Records from a dataset
════════

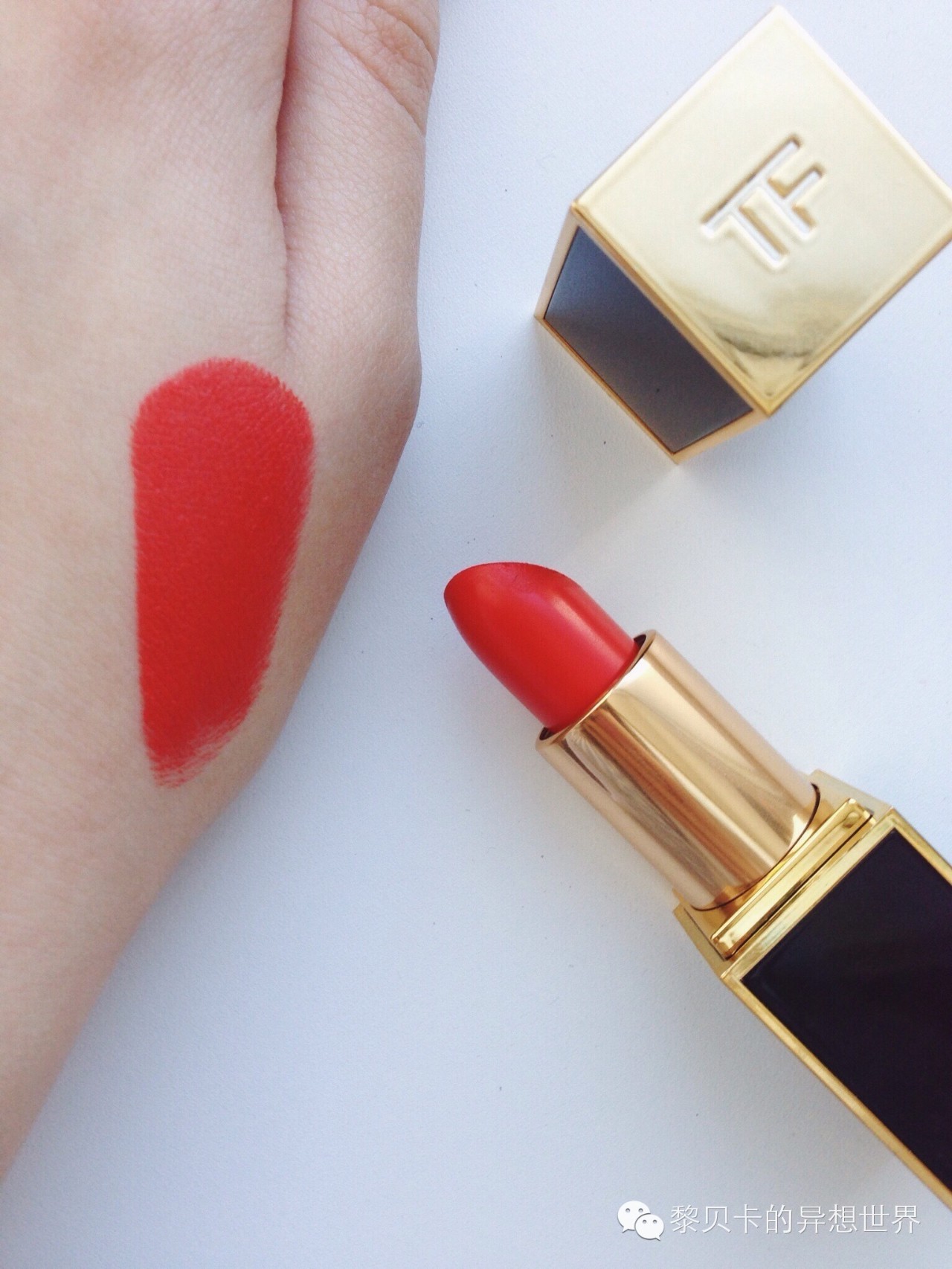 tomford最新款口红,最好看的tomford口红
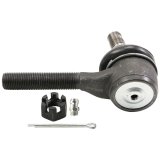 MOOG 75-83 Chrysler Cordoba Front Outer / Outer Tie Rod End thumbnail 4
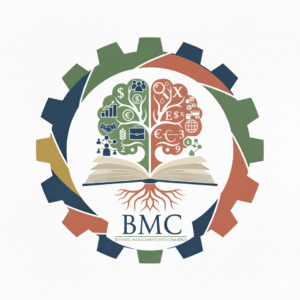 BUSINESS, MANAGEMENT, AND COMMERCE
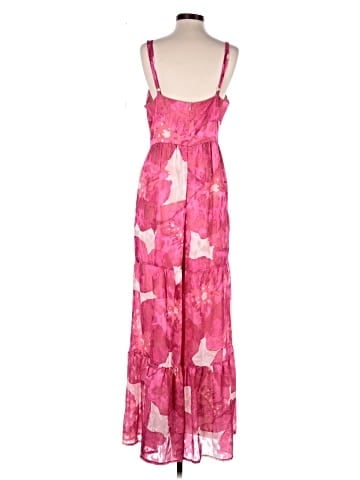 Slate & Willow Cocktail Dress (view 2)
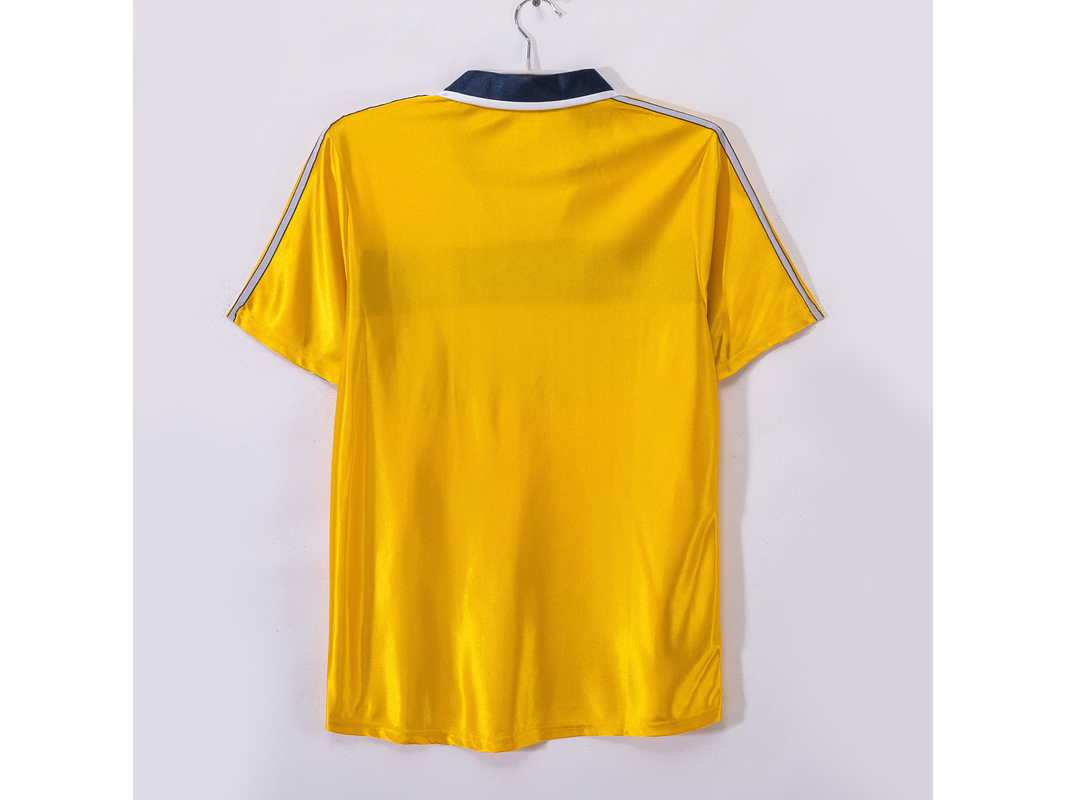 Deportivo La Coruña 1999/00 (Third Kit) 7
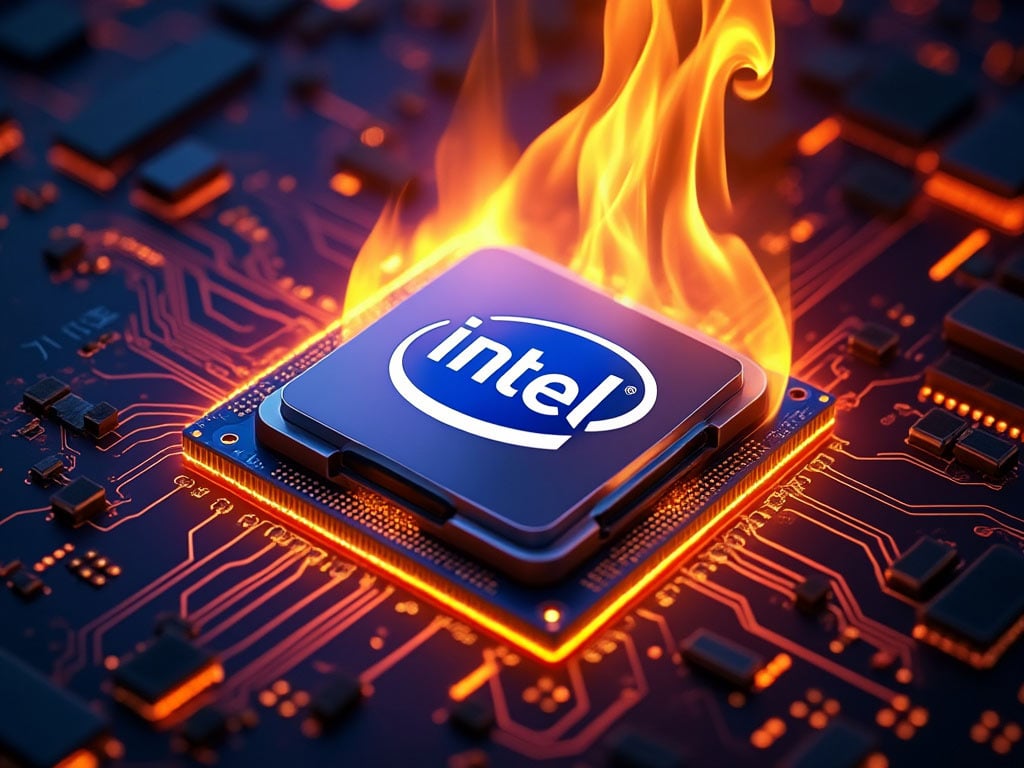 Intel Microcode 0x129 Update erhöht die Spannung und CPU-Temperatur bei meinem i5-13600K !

════════

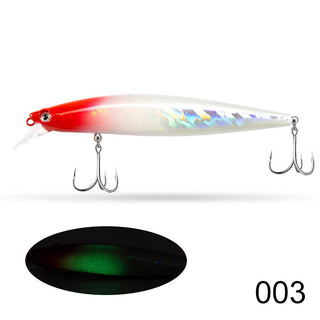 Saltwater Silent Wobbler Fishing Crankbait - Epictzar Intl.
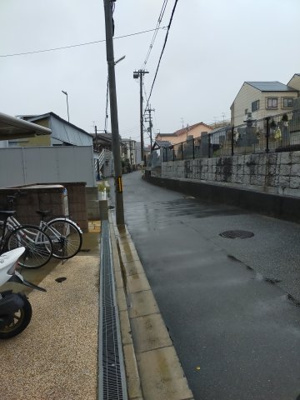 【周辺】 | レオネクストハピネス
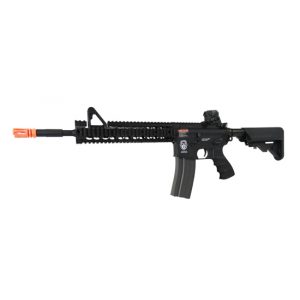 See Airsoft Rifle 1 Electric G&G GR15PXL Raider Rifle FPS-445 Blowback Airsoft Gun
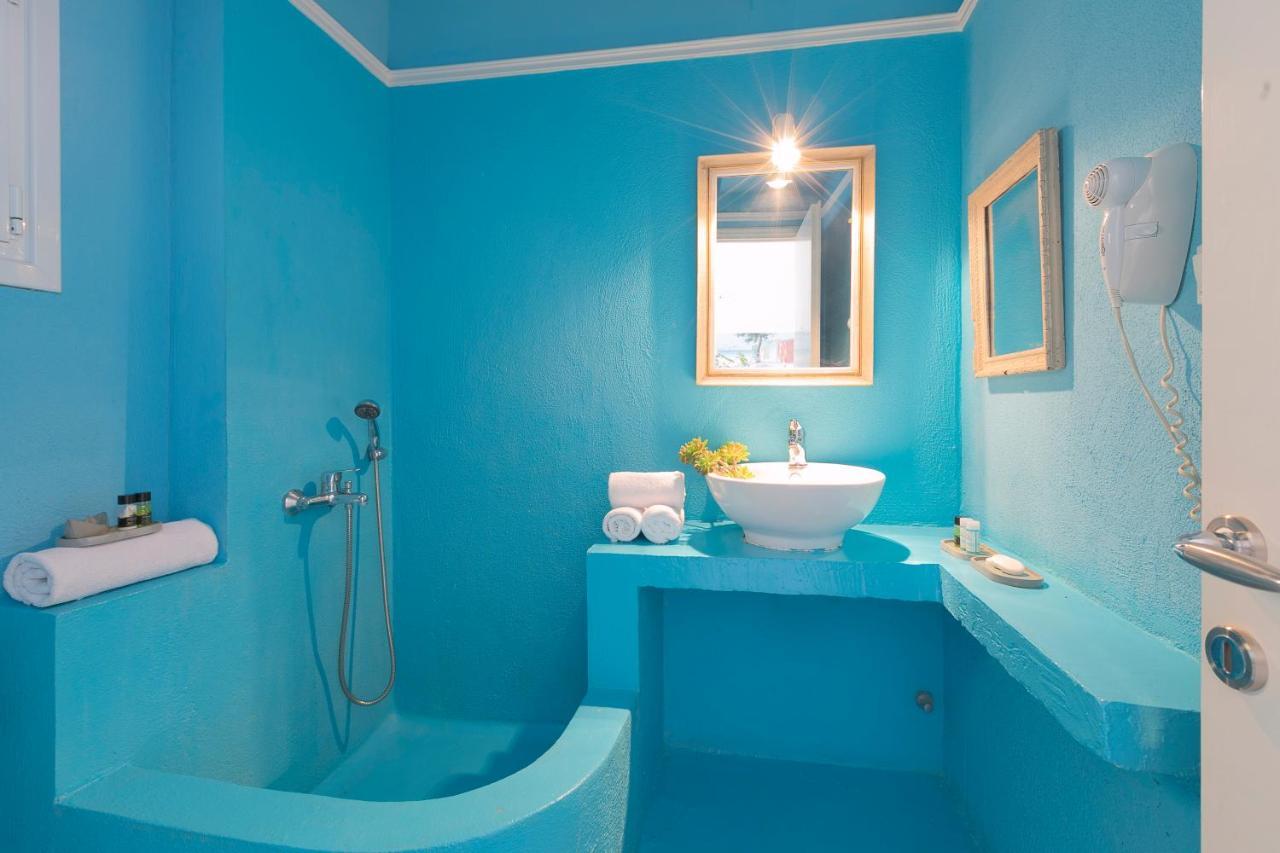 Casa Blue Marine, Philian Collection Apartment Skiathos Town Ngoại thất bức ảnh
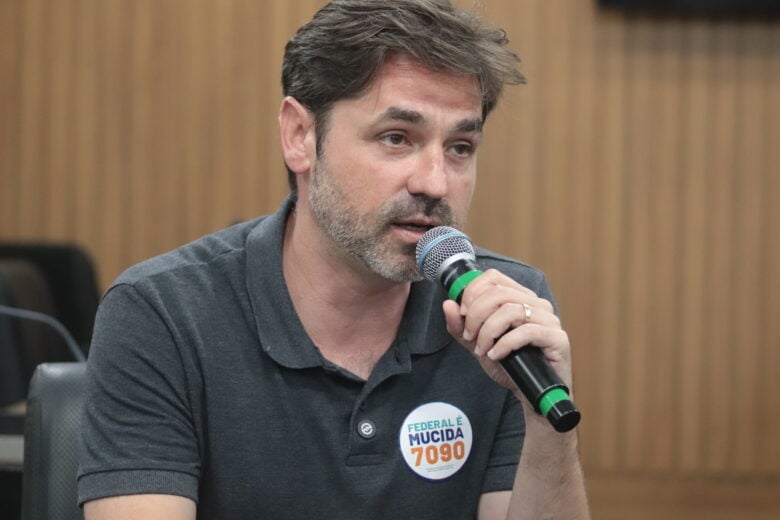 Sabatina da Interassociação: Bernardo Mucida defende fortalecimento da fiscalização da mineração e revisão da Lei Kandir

════════

▸ **EXERCISE DIRECTIONS**: The copy should hold exactly the lines above from the one with "Slate & Willow Cocktail Dress (view 2)" through the one with "Intel Microcode 0x129", both ends counted, and no pictures at all.

▸ **EXERCISE ANSWER**:
 Slate & Willow Cocktail Dress (view 2)
 Deportivo La Coruña 1999/00 (Third Kit) 7
 Intel Microcode 0x129 Update erhöht die Spannung und CPU-Temperatur bei meinem i5-13600K !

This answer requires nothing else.